On Thursday, the Yale Law School Democrats hosted former Wisconsin Senator Russell Feingold, a Democrat and visiting professor at the Law School, to discuss his work with the National Popular Vote Interstate Compact. By signing the compact, a state agrees to direct its electoral votes to the winner of the national popular vote rather than directing all its votes to the winner of the state or distributing its votes proportionally.

So far, 10 states have signed on. Adding Connecticut to that total would be a major victory, Feingold told the News.

“Connecticut can play a very important role in trying to take care of this situation,” he said. “People are becoming president who are not winning the national popular vote. We’re doing it with complete respect for the Electoral College and the rights of the states to make their own decisions.”

The petition was created in 2006 by attorney Barry Fadem and John Koza, a professor at Stanford University who wrote the book “Every Vote Equal.” The movement has gained new traction since the 2016 presidential election, in which President Donald Trump lost the popular vote but still defeated Democratic candidate Hillary Clinton LAW ’73.

One attendee, Pam Stanton, said she came to the event “because of the crazy election that we just had a year ago.”

“Trump was not really elected,” she said. “It was all done by crazy gerrymandering. I want to see what I can do.”

Jeff Zalesin LAW ’19, one of the event’s organizers, echoed this sentiment, saying that “the 2016 experience” has brought issues with the Electoral College to the forefront of the national political debate.

At the moment, the District of Columbia and 10 states — most of which usually vote for Democratic candidates, including California, Illinois and Massachusetts — have joined the National Popular Vote Interstate Compact.
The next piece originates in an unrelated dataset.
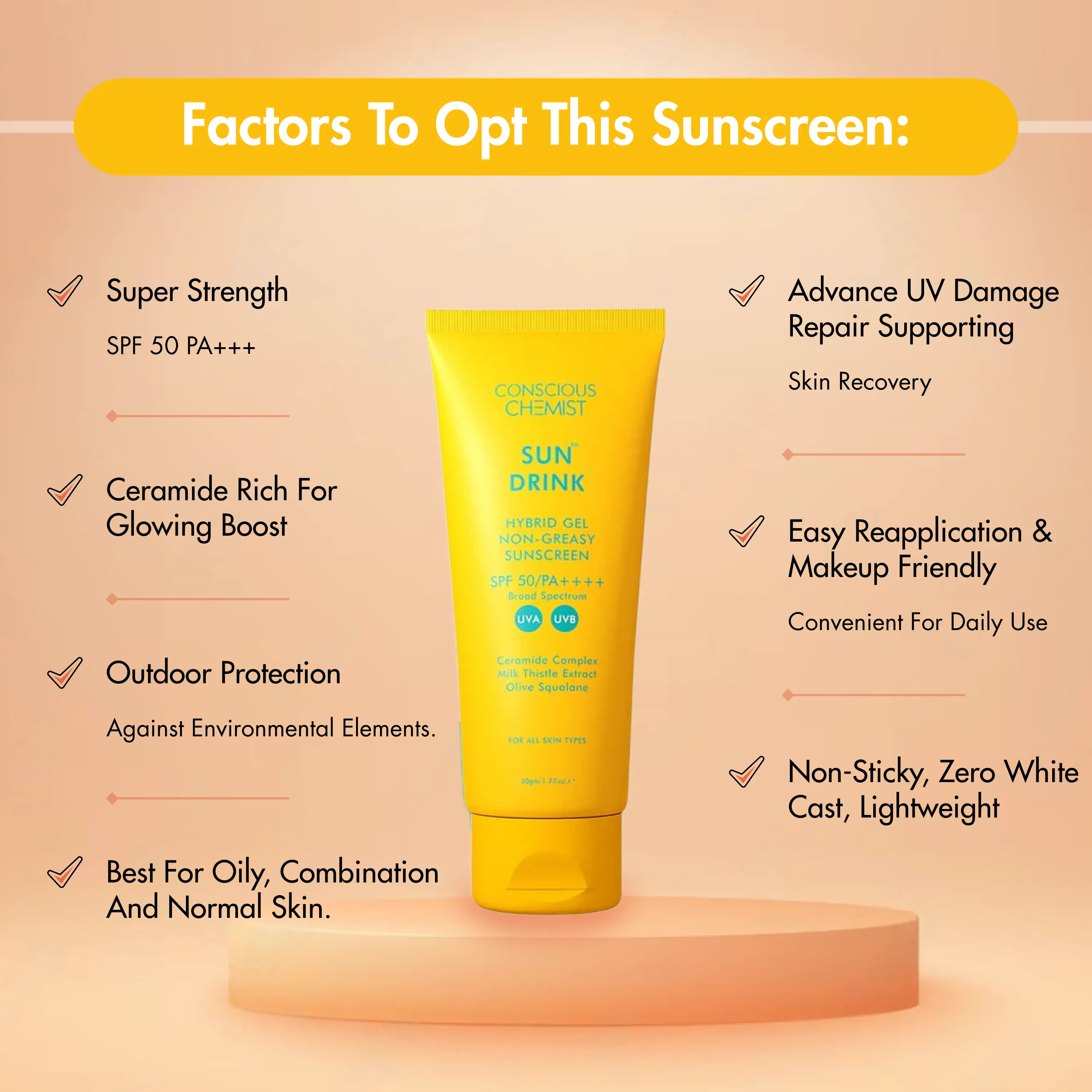 Ceramide Sunscreen | Dewy & Lightweight | SPF50 PA     | Oil-Free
However, at the talk, Feingold emphasized that the movement is nonpartisan.

The 10 states that have signed the compact so far have a combined total of 165 electoral votes, and 14 other state legislatures are actively debating the agreement. The compact will become binding only if it reaches 270 electoral votes, enough to guarantee a win.
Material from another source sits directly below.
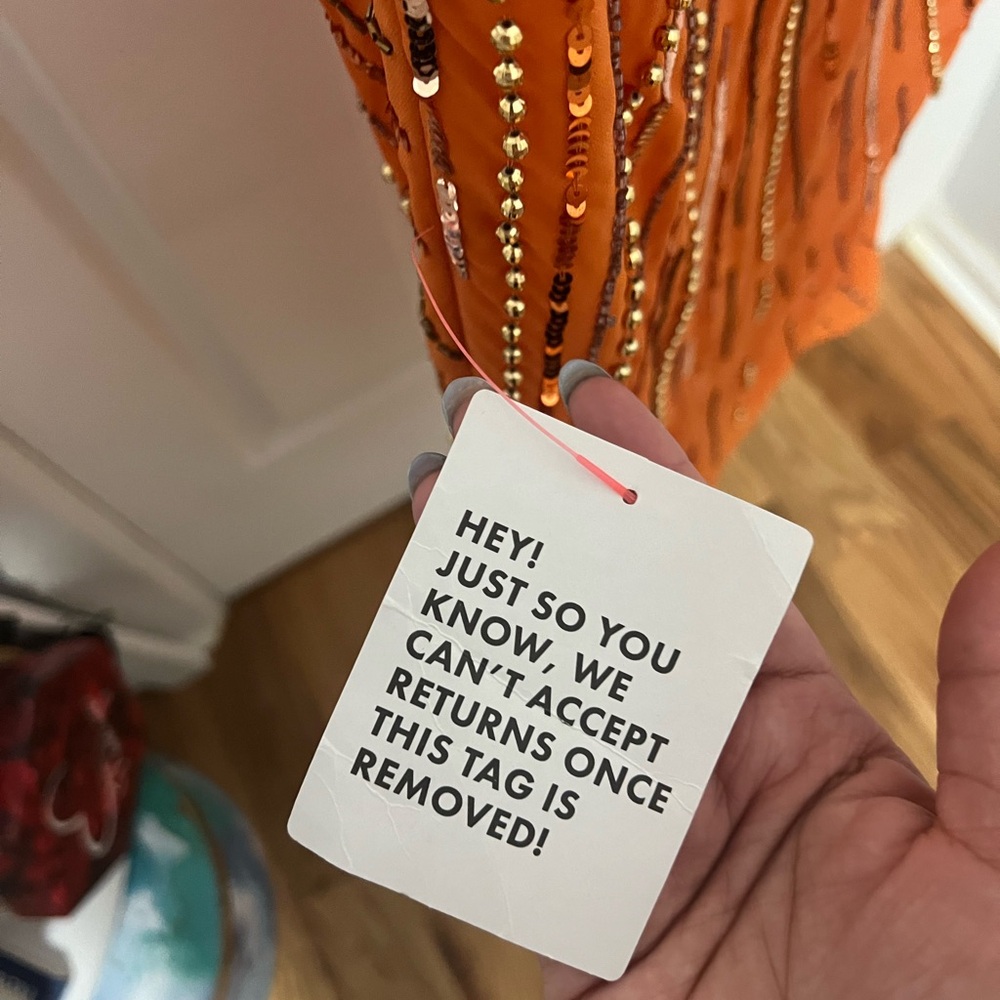 ASOS burnt orange embellished midi dress - Worn once - Picture 4 of 7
Connecticut’s state legislature plans to discuss the agreement this legislative session. The state’s seven votes would bring the total to 172, which Feingold said would give the movement the “momentum” necessary to succeed.
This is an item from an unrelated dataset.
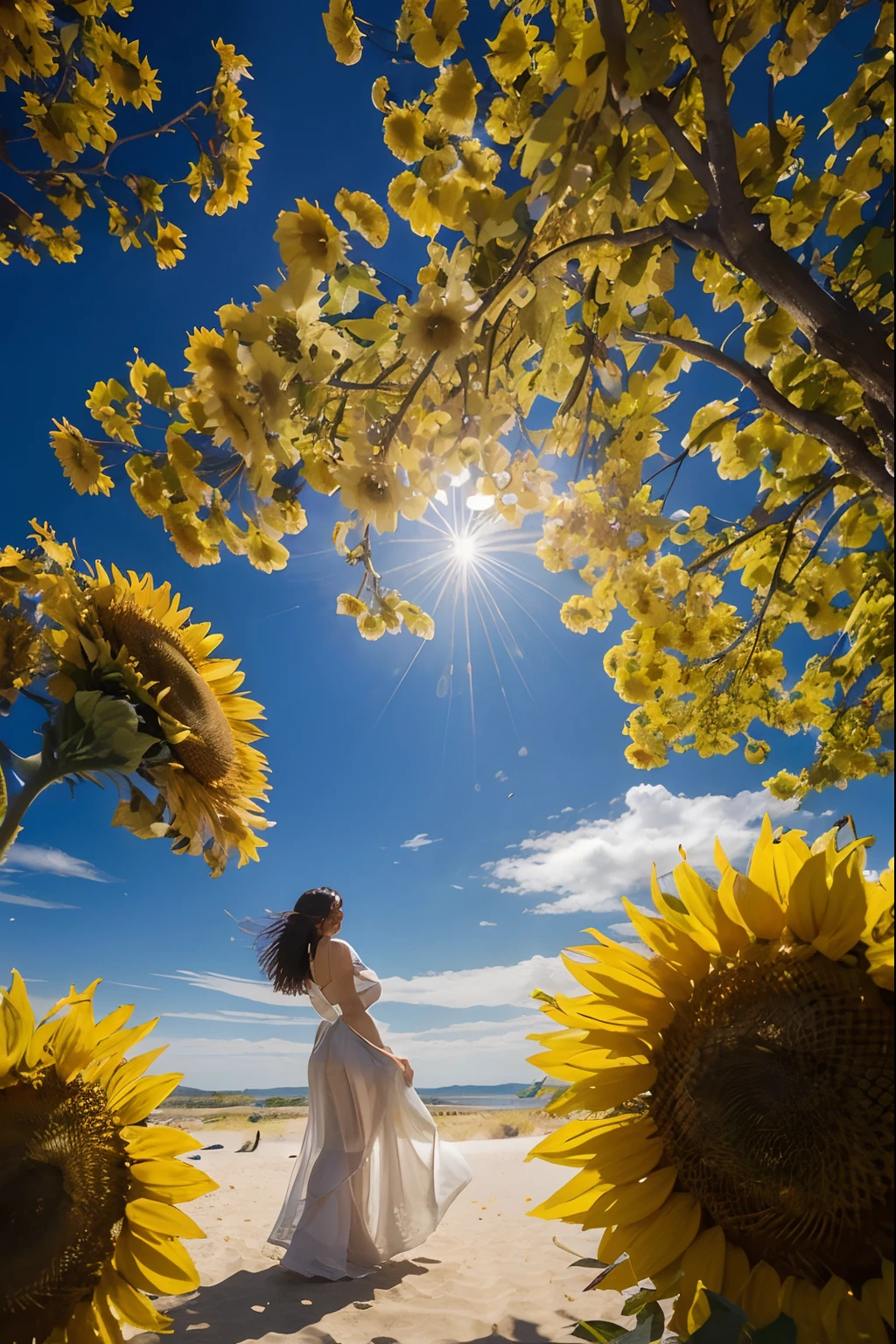 A woman wearing sheer gossamer stands under the towering sunflower tree, her gaze fixed on the intricate patterns of the branches above. The bright white sands beneath her feet seem to glow in the warm sunlight, while the endless blue sky stretches out above her. The scene is bathed in a golden light, as if the sun itself has bestowed its 24k blessing upon this tranquil moment.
Nearly 100 students, professor, state politicians and community members attended the hourlong talk, and many criticized the Electoral College system.

“The Electoral College is serving to dilute a lot of people’s votes, particularly minorities,” said Joaquin Gonzales LAW ’18, who attended the talk. “Certainly, the 2016 presidential election reinforced my negative opinion of the system.”

One attendee, Annalise Lozier ’21, said she went to the talk to hear about potential modifications to presidential elections, adding that it is important that political systems evolve in response to the changing political landscape. She explained that the Electoral College might have been useful in the early days of the country’s history but that it is now obsolete and needs to be replaced.

Five candidates have lost the popular vote and been sworn in as president, beginning with John Quincy Adams in 1824.

Niki Anderson |

  • Captain Zettabyte

    The National Popular Vote Interstate Compact (NPV) will never be passed by states having sufficient electoral votes due to the same mathematical logic implied by the author as to why it would be virtually impossible to pass an anti-Electoral College constitutional amendment.

    NPV has been around since the mid-2000’s. By the end of 2011, 8 states plus DC had officially signed up, every one solidly blue. At that point however, NPV’s progress slowed dramatically. Since 2011 only two more states, RI in 2013, and NY in 2016 have joined, both also solid blue. Right now, NPV claims only 165 electoral votes of the 270 it needs, all from solidly blue states. NPV has a long way to go.

    Here is NPV’s problem: Most solid blue states have already signed up for NPV! All the low hanging NPV fruit has fallen! Look at NPV’s glacial lack of progress since 2011. NPV is going nowhere fast, despite the presumed incentive of the 2016 election.

    Every red-blooded Red state considers NPV as blatant blue state robbery of their duly granted presidential electing powers, and will fight NPV tooth and nail. Purple battleground states too much enjoy the bright national spotlight that now shines upon them every four years in presidential elections. So really, that leaves only the true blue states who support NPV, and there are too few of them left to pass it!

    NPV, thankfully, has gotten just about as far as it will get. Pardon me if I do not mourn its passing.